# Airport Extreme Port forwarding problems



## jjsanders281 (Dec 14, 2007)

Hello all,

I have had a problem with the airport extreme ever since i got it and I cant seem to find an answer.

I cannot get port forwarding to work on the AE no matter what I do.  It just simply will not open the ports for any application.  I have been trying port 5050 for transmission and 5001 for my slingbox. I am very knowledgeable about networking and have never had any problems with any other routers that I have setup.  i tried giving my mac a static internal address, a dhcp reservation, using all forms of wireless security, turning off IPv6.   Nothing will open up the ports to my macbook pro.  

In my troubleshooting I did discover that there was one port I could open successfully (21 for FTP).  For some reason that is the only port that this AE will allow through.  

Does anyone have any ideas of how or why this would be happening?
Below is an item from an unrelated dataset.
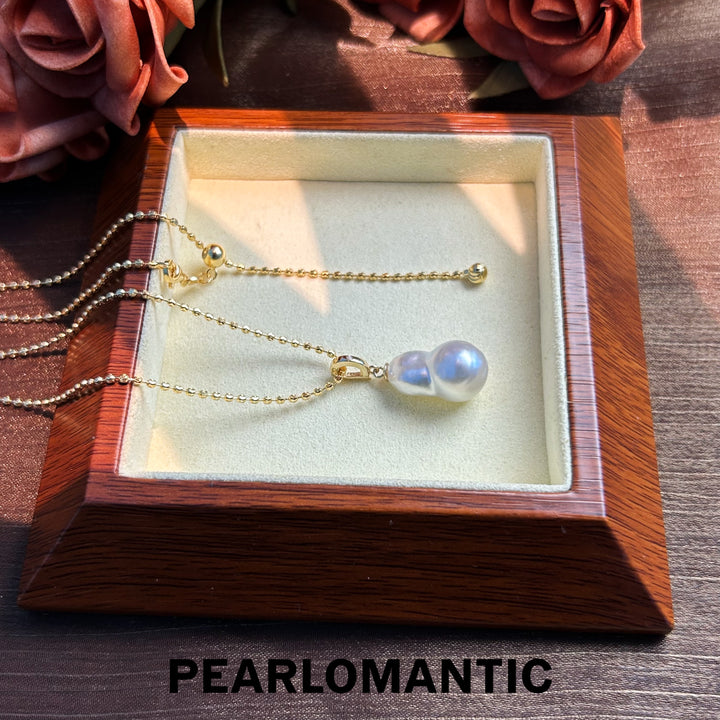 [Designer's Choice] Australian White Pearl Rare Big Size Frost Drop Baroque Pendant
I had to put back my linksys router for the time being but I would really like to get this working.  

Thanks.


----------



## Satcomer (Dec 15, 2007)

Are you sharing a Single IP on your Airport?
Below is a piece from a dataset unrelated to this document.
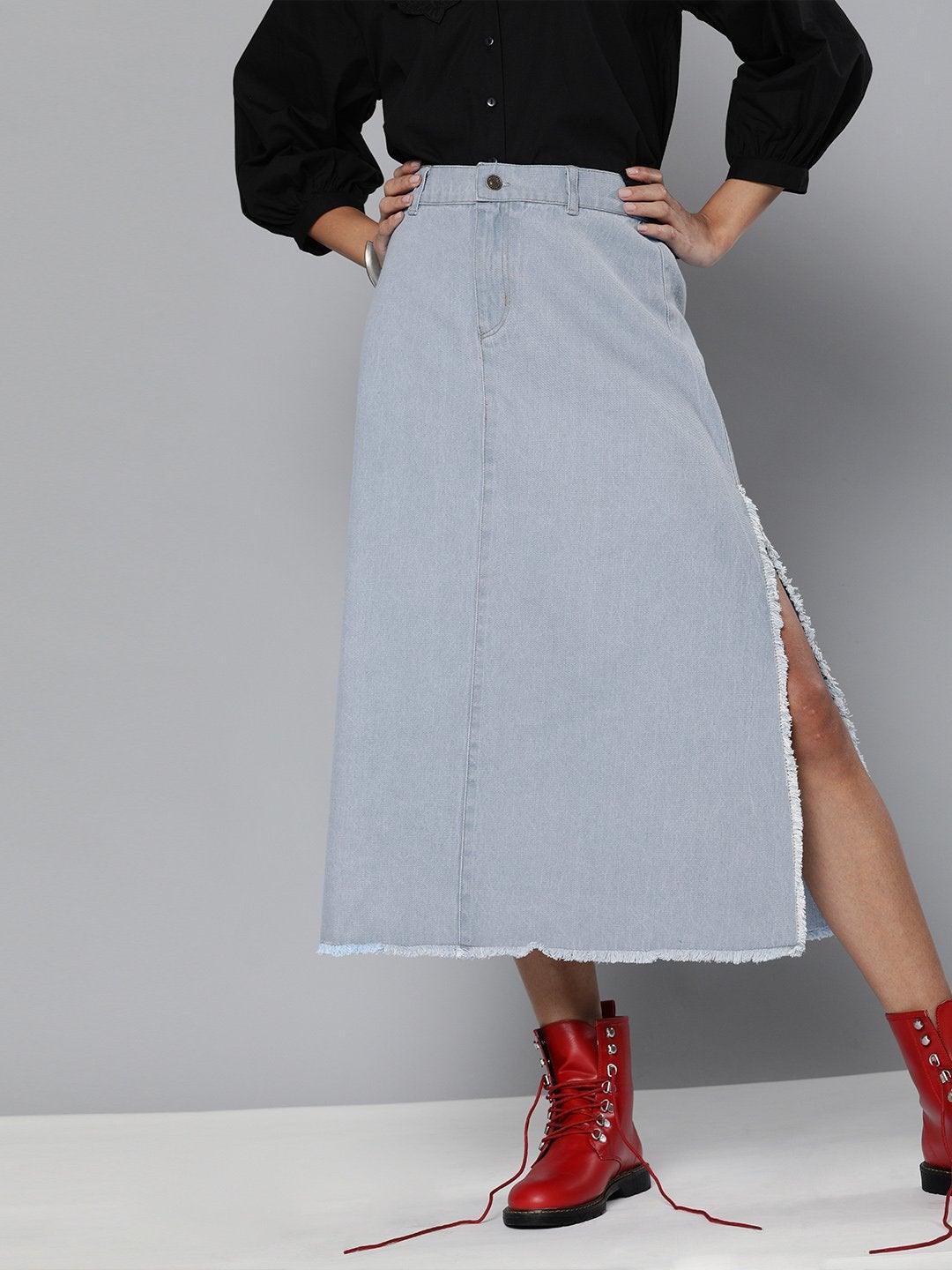 Women's Blue Denim Asymmetrical Skirt - SASSAFRAS - Indiakreations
If you are do this (from Apple's help menu):



> Enabling the NAT Port Mapping Protocol
> In the Finder, choose Utilities from the Go menu.
> Open Airport Admin Utility.
> In the resulting Select Base Station window, select your Airport Extreme or AirPort Express from the list.
> ...


----------



## jjsanders281 (Dec 15, 2007)

Yes I am sharing a single address and i do have the NAT mapping protocol turned on.  Transmission also says there was a error mapping the port using NAT-PMP.
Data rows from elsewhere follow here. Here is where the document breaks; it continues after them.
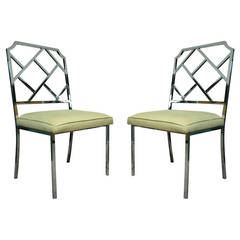 Milo Baughman for DIA Chrome Lattice-Back Hollywood Regency Side Chairs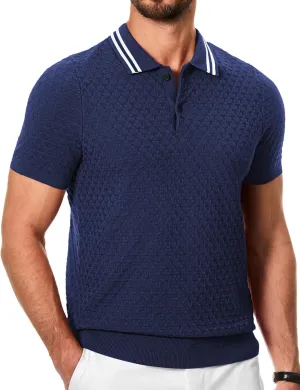 JMIERR Men's Knit Polo Shirts Casual Short Sleeve Button Lightweight Shirt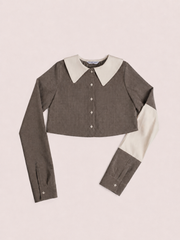 DOUBLE TEXTURE CROP SHIRT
I also tried putting my slingbox ip address in as the the default host which should open all ports to it but that didnt work either.


----------



## jjsanders281 (Dec 17, 2007)

No one else has had similar problems? 

 I have a friend who has the earlier model with 100mb port instead of the gigabit ones.  He has not had my problem but was able to downgrade to an earlier version to fix many other issues with the airport disk.  7.2 is as far back as i can go with this model.


----------



## dixonbm (Dec 18, 2007)

I've never tried port mapping with my AE's. I've got two, one on the upstairs Home Entertainment Center and one on the Downstairs stereo. And I use a Linksys Vonage Router to assign IP addresses.


----------



## Chic0 (Feb 24, 2008)

Satcomer said:


> Are you sharing a Single IP on your Airport?
> 
> If you are do this (from Apple's help menu):



Oh nice one. I've been having probems trying to get Meda Of Honor online pay working via my AE router. Just tried what you said and it works without probems now. Thanks!!!!!


----------



## SorenMat (Mar 2, 2008)

I have the exact same problem, only able to forward port 21 (

Did you find a solution ?


----------